Hi!
"J J" azreal1977@hotmail.com wrote:
From: "Ramon Leon" ramon.leon@allresnet.com
So conclusion simple namespaces do not help avoid clashes.
Yes they do.
What (I think) he is saying is: Most people are prefixing anyway (I always do), so if you get a clash then you probably tried to make another SPUser. So just putting a couple of colons between SP and User isn't going to save you in that case.
I agree - just like in Java, if I create se.blabla.booboo.Whatchamacallit and you actually create the exact same - then sure, we get a conflict because we used the same namespace - of course!
The conclusion is false - they *do* help avoid clashes, but sure they don't prevent clashes from ever being even theoretically possible. And so? If prefixing didn't actually help avoid clashes - then why do you think people use prefixes in the first place?
Manually prefixing classes to prevent name clashes, and being forced to use those long names when the tools could do it for us, and hide it from us in the browsers.
It isn't going to hide it from you. It will hide the prefix *so long as no other class in the system has that name*.
Or any other policy is in effect - like for example if the name is defined "locally" etc.
As soon as *one* duplication happens *all* ambiguous classes will be fully prefixed in the source code. In the entire image.
Again, modulo any "special" policies like the local policy yes. You make it sound like we would see *more* prefixes using my solution than with the current custom of prefixing. It is the other way around you know. :)
And we can't do it the way you suggest anyway (well we could but it would be even more complicated) because if the classes are fully qualified every time (they are) and the browser hides all but the actual class every time (it does not)
Not *every time* but theory suggests that they would hide them in 99% of the cases.
then how do we know from looking at someone else's code which actual class they are talking about? Seeing colons is the indicator that there are two or more classes in the image with the same base name.
You lost me. Yes, seeing Foo::Bar indicates that Bar is not unique in your image.

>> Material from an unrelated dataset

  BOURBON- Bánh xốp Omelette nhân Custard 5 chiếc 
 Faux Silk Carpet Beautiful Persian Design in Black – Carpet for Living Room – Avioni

And again I'll say, it's a tiny fix that automates something that we do manually now anyway, and is a pain in the ass. I don't like prefixing my class names, it's ugly. I pump objects across web services to .Net, where my class names are nice and pretty and simple, because .Net supports namespaces, yet I'm forced to uglify them on the Squeak side because I can't name a class something simple in Squeak and feel even mildly safe about doing so.
For you it's ugly. I don't notice it at all (so far). So what is also obvious from the traffic on this thread is that some people want it and some people don't. So to me that means it should be a loadable module for those who want it. And it is.

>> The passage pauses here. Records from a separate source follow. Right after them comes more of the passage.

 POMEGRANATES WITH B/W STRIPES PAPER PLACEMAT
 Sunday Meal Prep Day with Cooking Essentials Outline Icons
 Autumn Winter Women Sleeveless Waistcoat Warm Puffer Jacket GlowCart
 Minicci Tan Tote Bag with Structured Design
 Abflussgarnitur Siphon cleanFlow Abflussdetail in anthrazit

The problem with having a Namespace solution as a loadable module is pretty obvious. Those who use it for their packages will inevitable "force it" upon their users (of their packages).

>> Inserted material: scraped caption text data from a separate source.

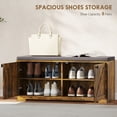 thumbnail image 4 of HOMCOM Shoe Bench with Storage, Padded Shoe Organizer, 8 Pairs, Brown, 4 of 10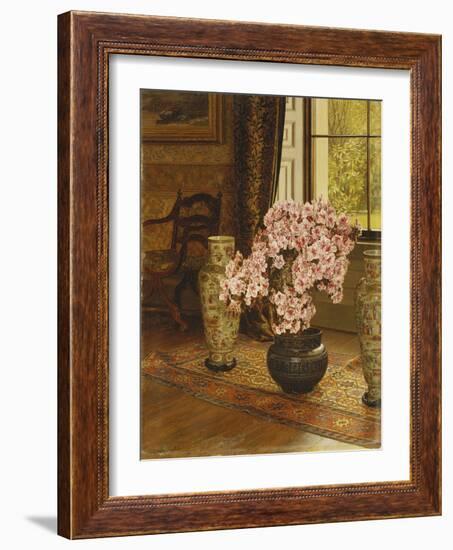 Azalea in a Japanese Bowl, with Chinese Vases on an Oriental Rug, in an Interior-Jessica Hayllar-Framed Giclee Print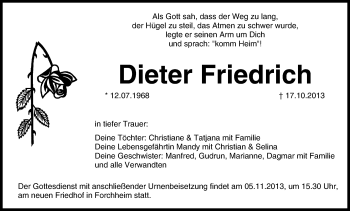 Anzeige von Dieter Friedrich von MGO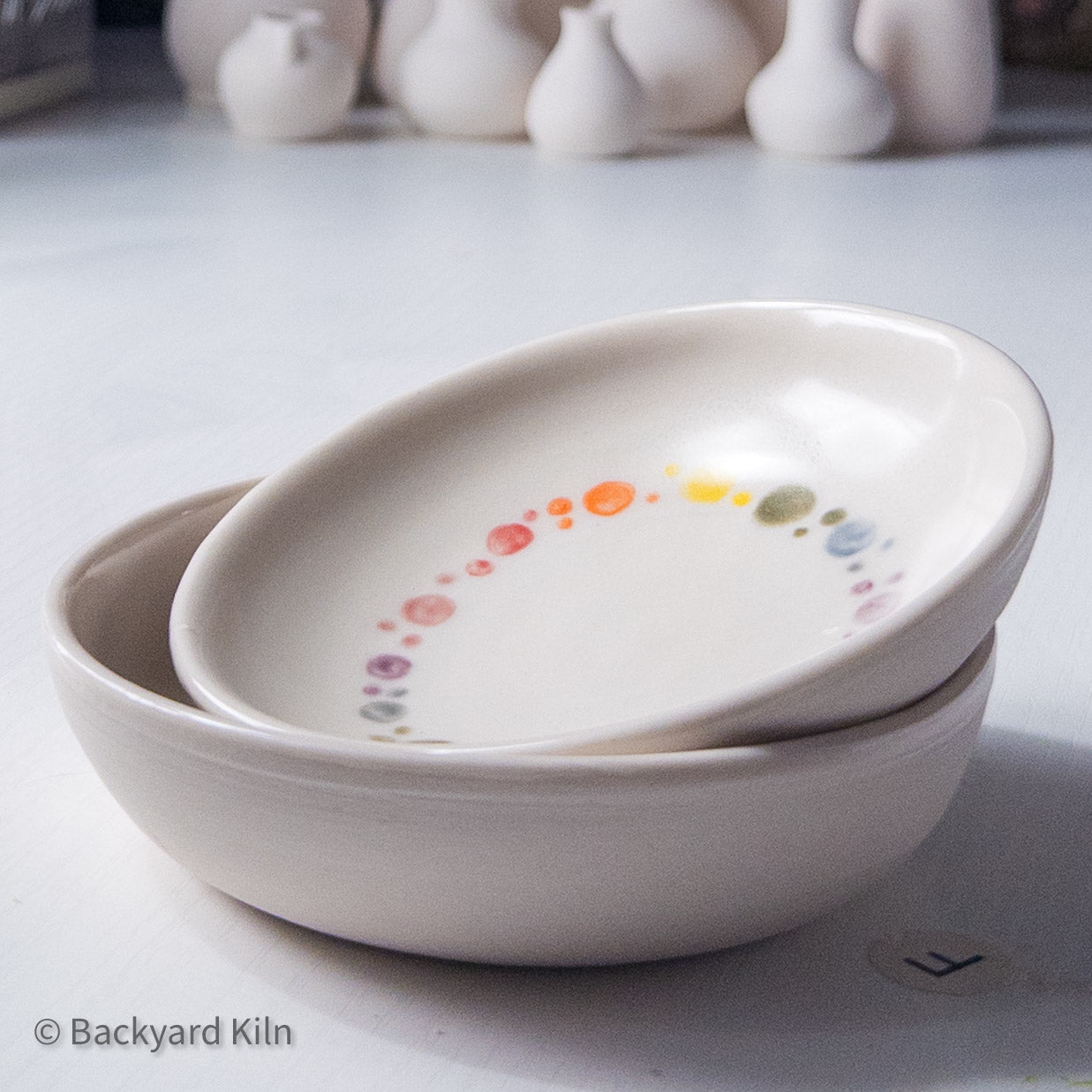 Rainbow Bubbles - Porcelain Cat Bowl by Taylor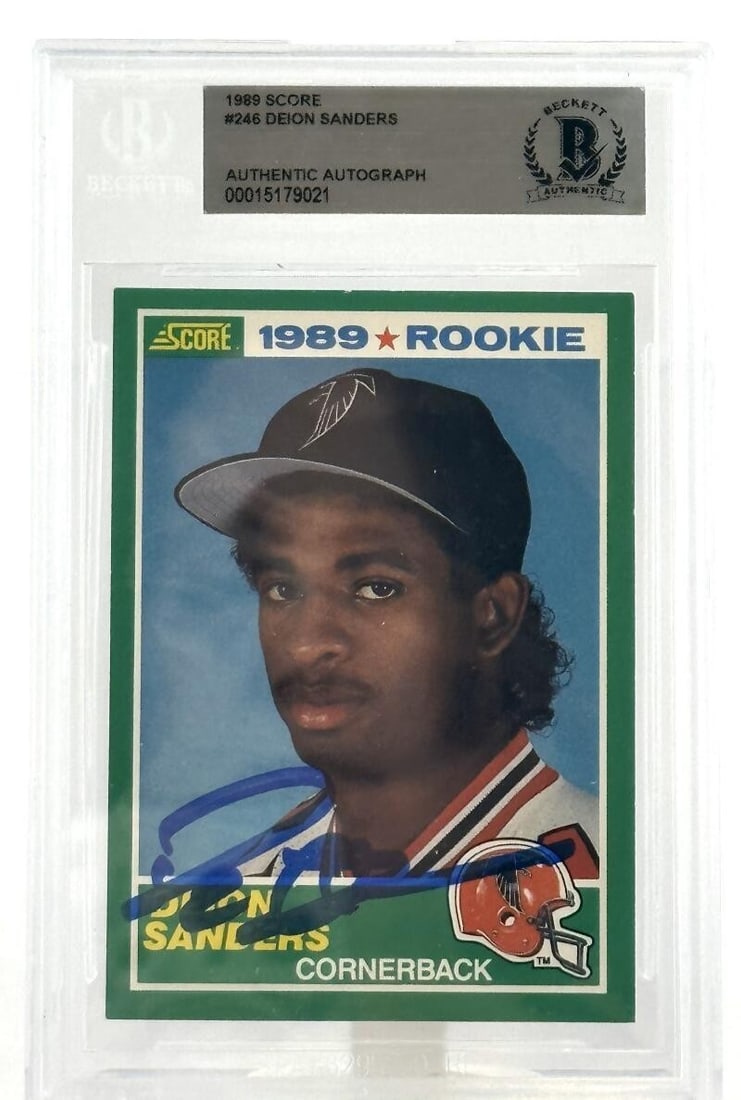Deion Sanders 1989 Score Rookie Autograph BGS 10 Falcons Card #246: Deion Sanders 1989 Score Rookie Autograph BGS 10 Falcons Card #246 This is a 1989 Score #246 Deion Sanders sports trading card featuring the Atlanta Falcons star. The card is an original, not a reprin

I just don't think people will use it if is not "standard".
One thing we could think about here is to make some kind of automated tool to switch between the two so that we could all be happy. If you make a package that uses namespaces and I load it from squeakmap my system could automatically turn your namespaces into prefixes and vice versa (ok, this part is hard, but we could just make it manual on package upload).
Well, it is not impossible I guess - but the complexity sounds like it would really diminish the value of this solution. Suddenly it does not sound worth it to me.